Fiona Clark: Living with AIDS 1988

 Auckland: Michael Lett, 2018. 3vo. Case-bound, blue cloth hardcovers, 110pp (ed. 500).

 

In 1988 Fiona Clark took four volumes of photographs recording elements of the AIDS Epidemic in New Zealand; these photographs were exhibited at the Dowse Art Museum and later acquired by Te Papa Tongarewa. In 2018 Michael Lett published facsimiles of these albums, with an essay by David Herkt and a conversation with the author. The book was a shortlisted finalist in the 2019 Penguin Random House New Zealand Award for Best Illustrated Book, testament to its arresting design. This book would be a beautiful artist edition to my collection, but also provide an alternative lens to the imagery captured by William Yang in his own documentary of the AIDS crisis through his friend Allan.

 

 

THE COLLECTION

 

ADDINSALL, James (ed.)

An Illustrated Guide To The Hanky Code.

 Melbourne: privately printed through Blurb e-publishers, 2018. 16.8 x 17.1cm gloss softcover, 56pp. First Edition. Unnumbered limited edition containing 22 digital illustrations and text. Foreword by Stephen Morgan, Laird Leatherman 2015.
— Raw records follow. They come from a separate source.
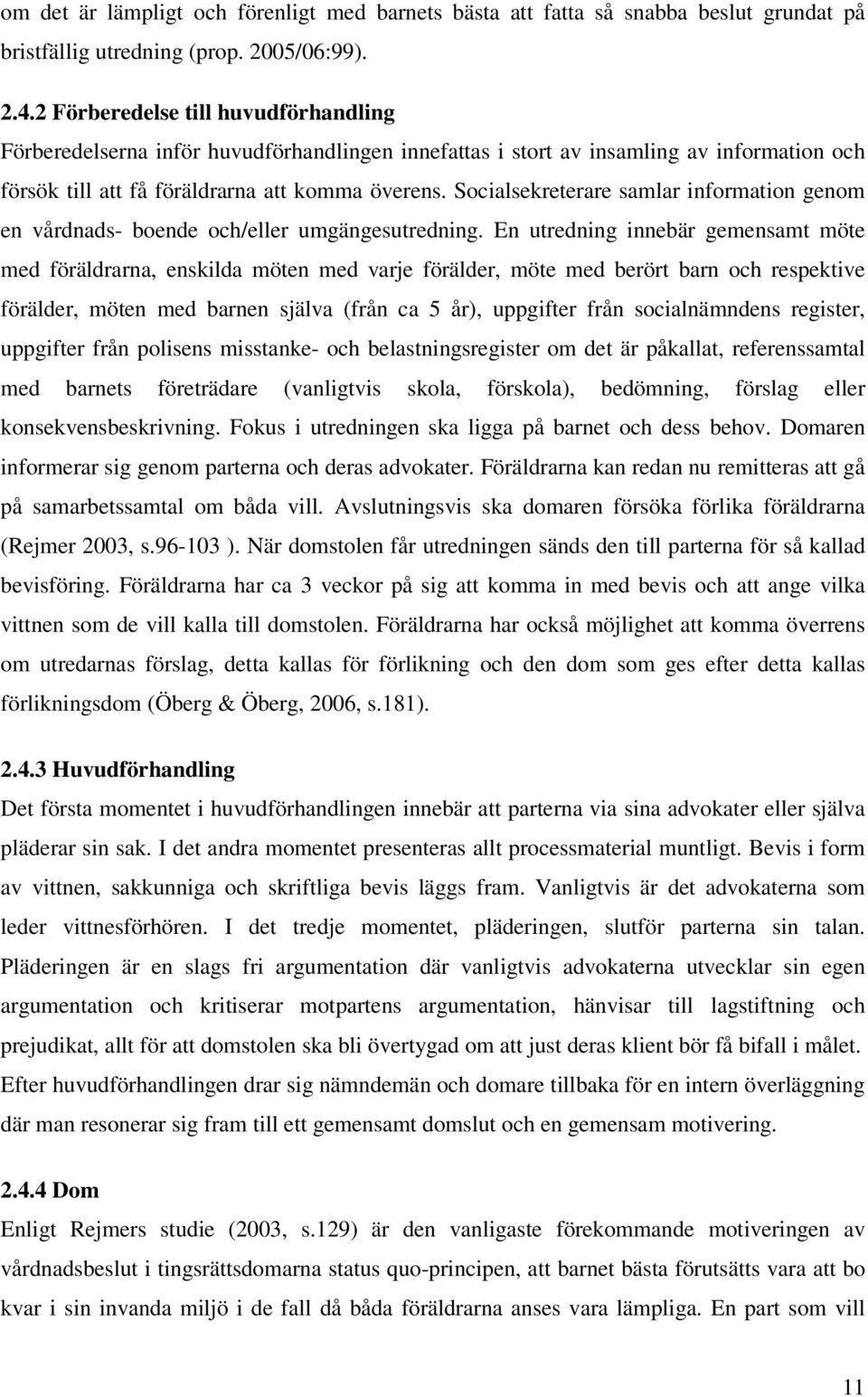 Socialsekreterare samlar information genom en vårdnads- boende och/eller umgängesutredning.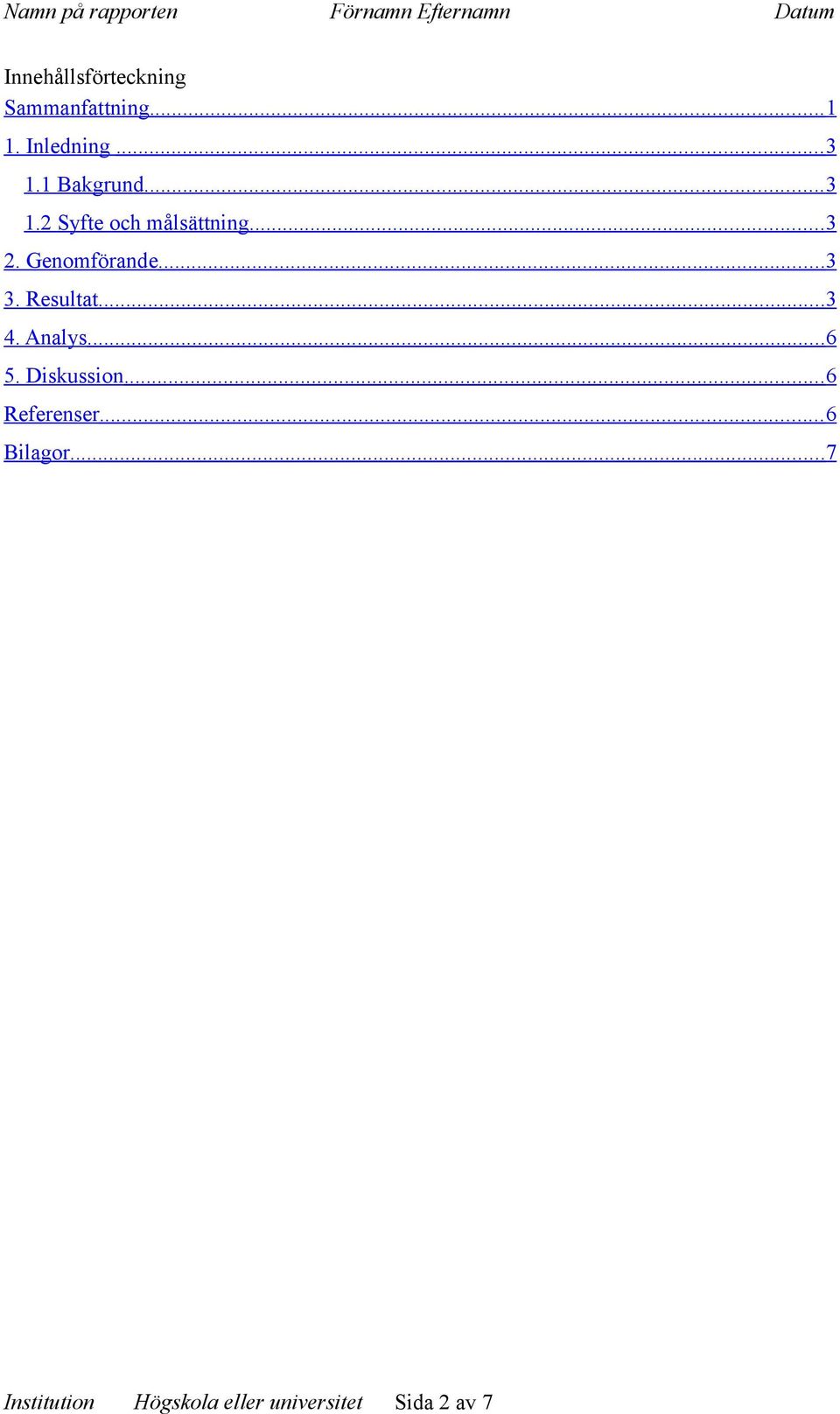 Genomförande...3 3. Resultat...3 4. Analys...6 5.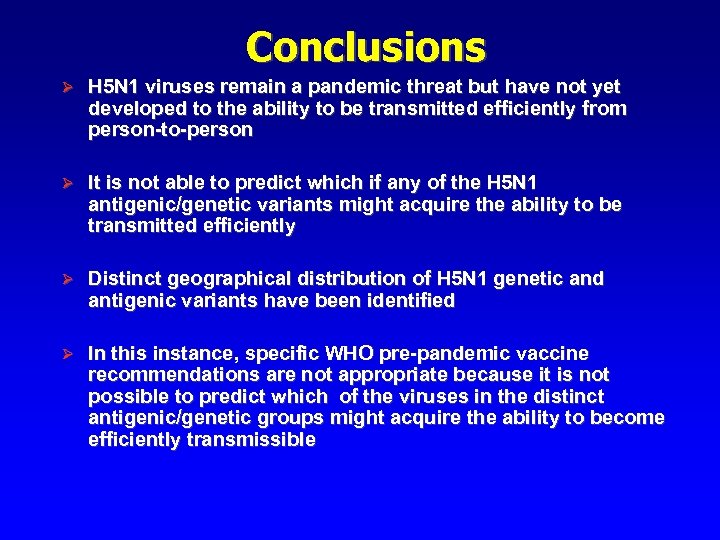 Conclusions Ø H 5 N 1 viruses remain a pandemic threat but have not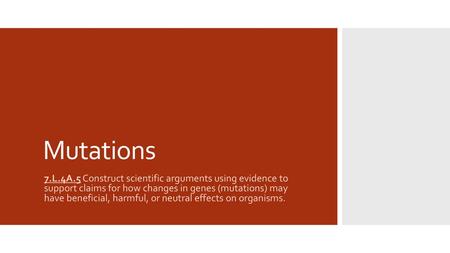 Mutations 7.L.4A.5 Construct scientific arguments using evidence to support claims for how changes in genes (mutations) may have beneficial, harmful,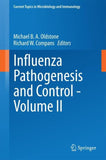 Influenza Pathogenesis and Control - Volume II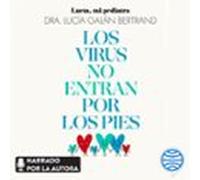 Los Virus No Entran Por Los Pies (audiolibro)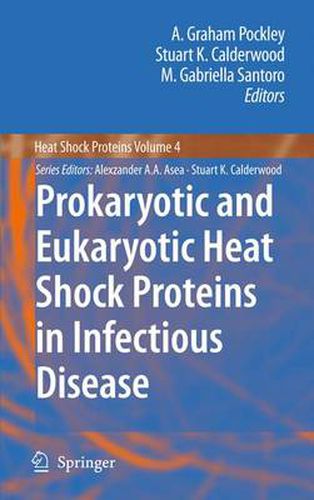 Cover image for Prokaryotic and Eukaryotic Heat Shock Proteins in Infectious Disease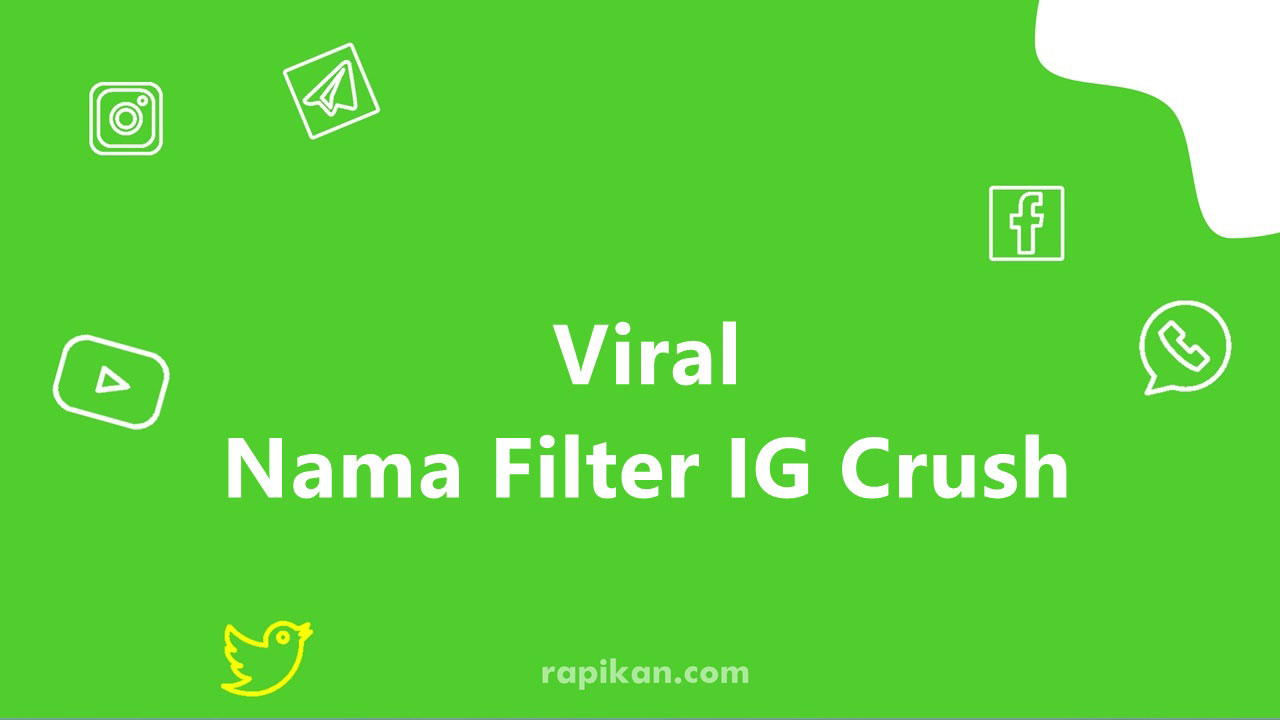 Nama Filter IG Crush Viral, Ini Cara Dapatkannya yang Benar!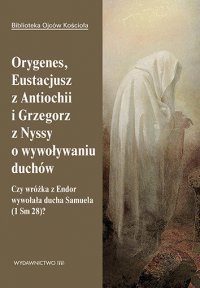 Orygenes, Eustacjusz z Antiochii i Grzegorz z Nyssy o wywoływaniu duchów - Leon Nieścior OMI - ebook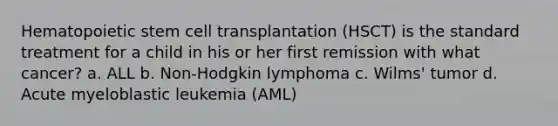 Hematopoietic stem cell transplantation (HSCT) is the standard treatment for a child in his or her first remission with what cancer? a. ALL b. Non-Hodgkin lymphoma c. Wilms' tumor d. Acute myeloblastic leukemia (AML)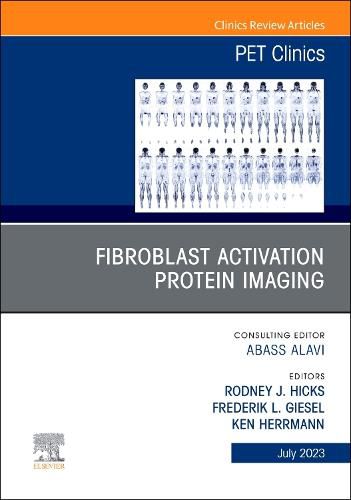 Cover image for Fibroblast Activation Protein Imaging, An Issue of PET Clinics: Volume 18-3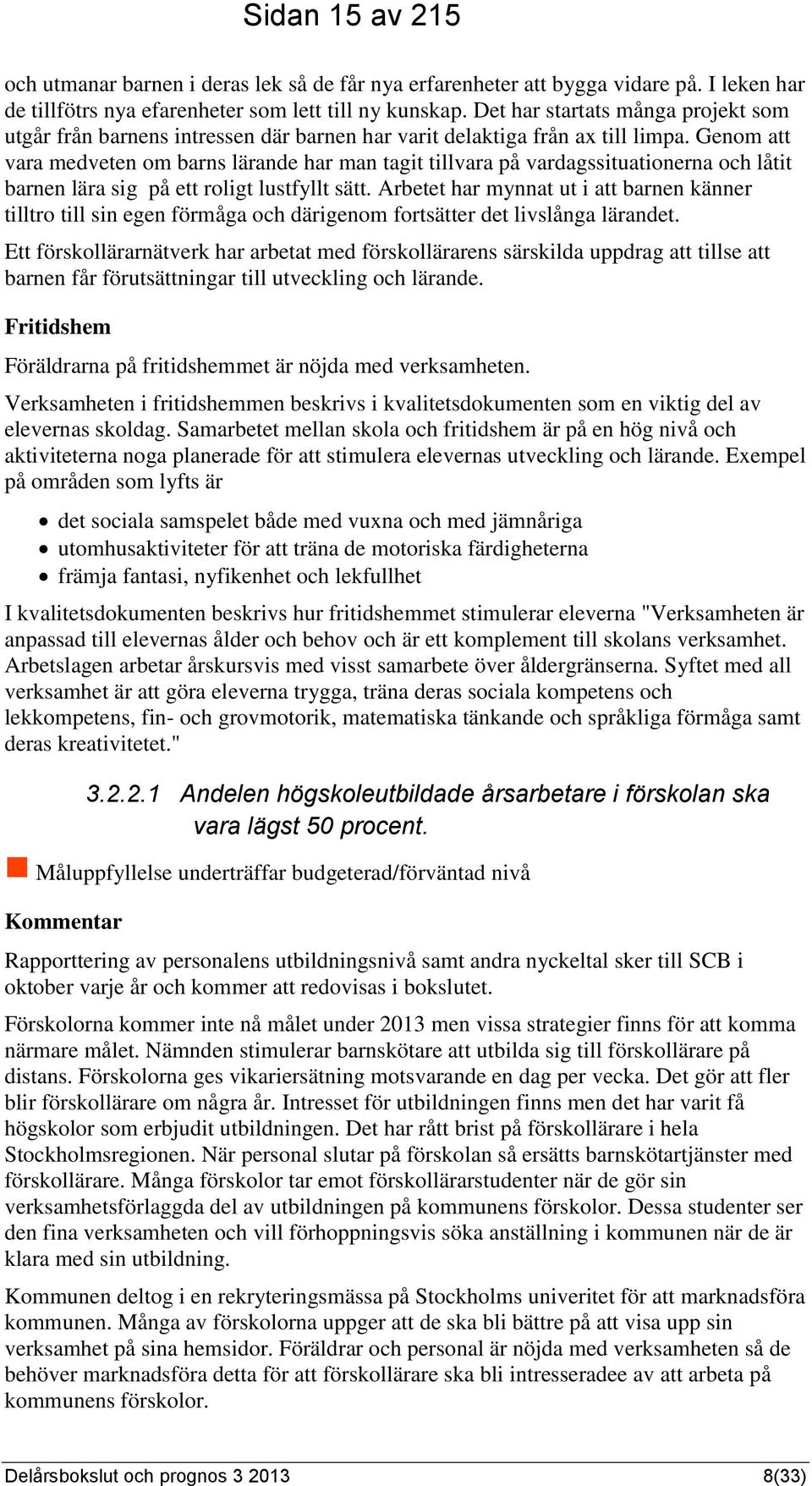 Genom att vara medveten om barns lärande har man tagit tillvara på vardagssituationerna och låtit barnen lära sig på ett roligt lustfyllt sätt.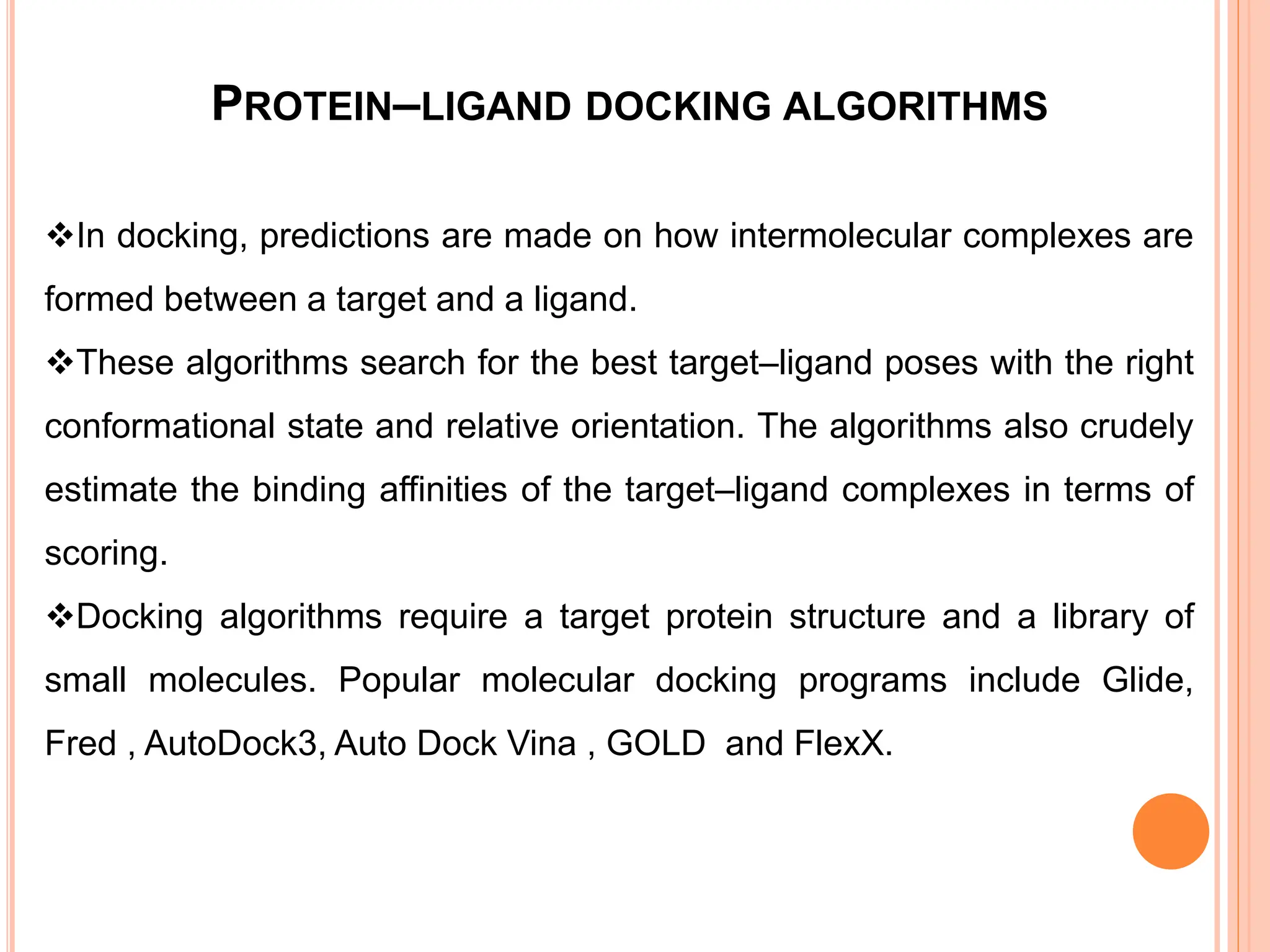 PROTEIN–LIGAND DOCKING ALGORITHMS
In docking, predictions are made on how intermolecular complexes are
formed between a target and a ligand.
These algorithms search for the best target–ligand poses with the right
conformational state and relative orientation. The algorithms also crudely
estimate the binding affinities of the target–ligand complexes in terms of
scoring.
Docking algorithms require a target protein structure and a library of
small molecules. Popular molecular docking programs include Glide,
Fred , AutoDock3, Auto Dock Vina , GOLD and FlexX.
 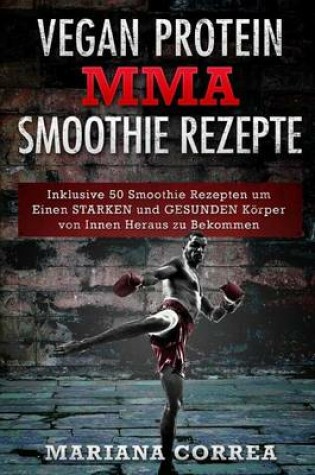Cover of VEGAN PROTEIN MMA SMOOTHIE Rezepte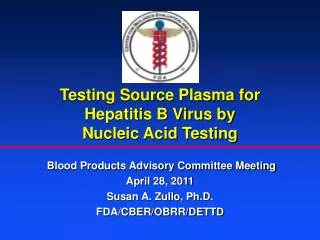 Testing Source Plasma for Hepatitis B Virus by Nucleic Acid Testing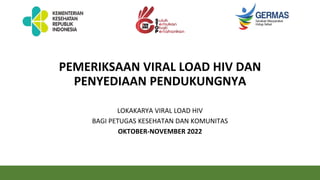 PEMERIKSAAN VIRAL LOAD HIV DAN
PENYEDIAAN PENDUKUNGNYA
LOKAKARYA VIRAL LOAD HIV
BAGI PETUGAS KESEHATAN DAN KOMUNITAS
OKTOBER-NOVEMBER 2022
This volume was conceived and developed by James Addinsall during his title year as Laird Leatherman 2017. The book contains 22 artistic interpretations of the colours of the hanky code, alongside which are short quotes and stories from friends of the author. The book contains a list of artists with contact emails and social media handles.

The book was published with the support of Mannhaus and The Laird, and profits from book sales went to Positive Women Victoria, an organisation that helps Victorian women living with HIV. The edition was published in soft and hardcover formats, which were discontinued in 2019, and a e-publication, which is still available for sale.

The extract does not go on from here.